A sobrevivência política de Trump será mais aparente do que real. Mesmo não estando impedido de concorrer à presidência em 2024, espera-o a via sacra judicial: pelas prováveis consequências criminais da invasão do Capitólio (no Senado foi só a parte política), pelo telefonema que fez ao secretário de Estado da Geórgia a pressionar para inverter o resultado naquele Estado (as investigações já começaram) e pelos negócios das empresas (a decorrer no Southern District de Nova Iorque).
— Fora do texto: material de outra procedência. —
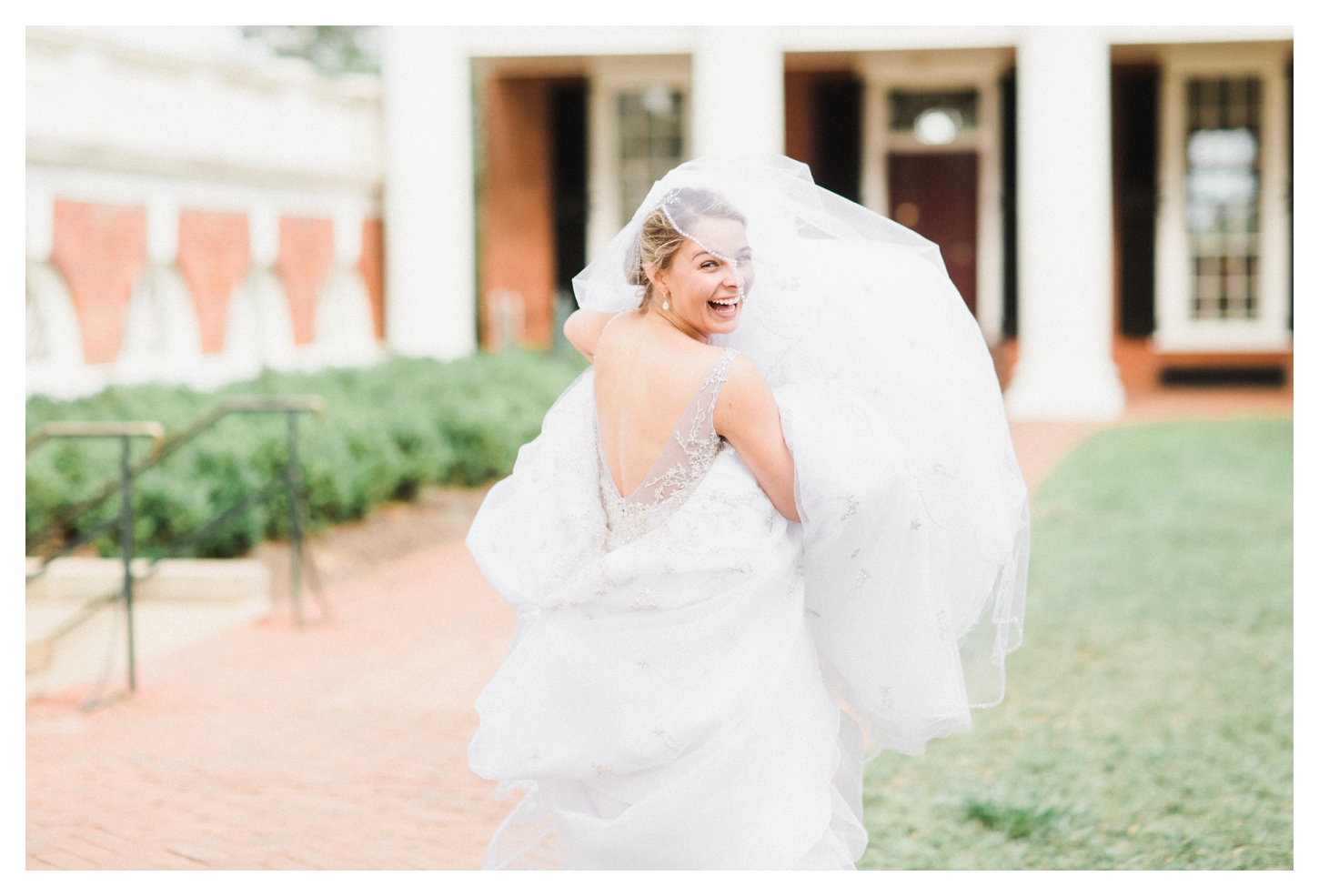 Charlottesville Virginia wedding photographer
Enquanto acontecia a inominável invasão do Capitólio, Amanda Gorman, luminosa poetisa negra de 22 anos que já tinha sido escolhida para recitar um poema na tomada de posse, começou a tratar das últimas linhas de The Hill We Climb ("A Colina que Escalamos"), cuja escrita tinha iniciado em dezembro, mas não havia encontrado conclusão: “A colina que escalamos/ se para isso tivermos coragem/ é porque sermos Americanos é mais do que o orgulho que herdámos/ é o passado que nos atravessa/ e como o podemos reparar/ vimos uma força que estilhaçou a nossa nação/ em vez de a partilhar/ teria destruído o nosso país se conseguisse reduzir a democracia/ e esse esforço quase prevaleceu (…) quando o dia chega saímos da sombra/ com chama e sem medo/ a nova madrugada surge se a libertarmos/ para isso há sempre Luz/ se assim formos corajosos para a vermos/ se assim formos corajosos para sê-la.”
Há sombras a escurecer a colina americana, mas a Luz resiliente daquele grande país nunca se apaga.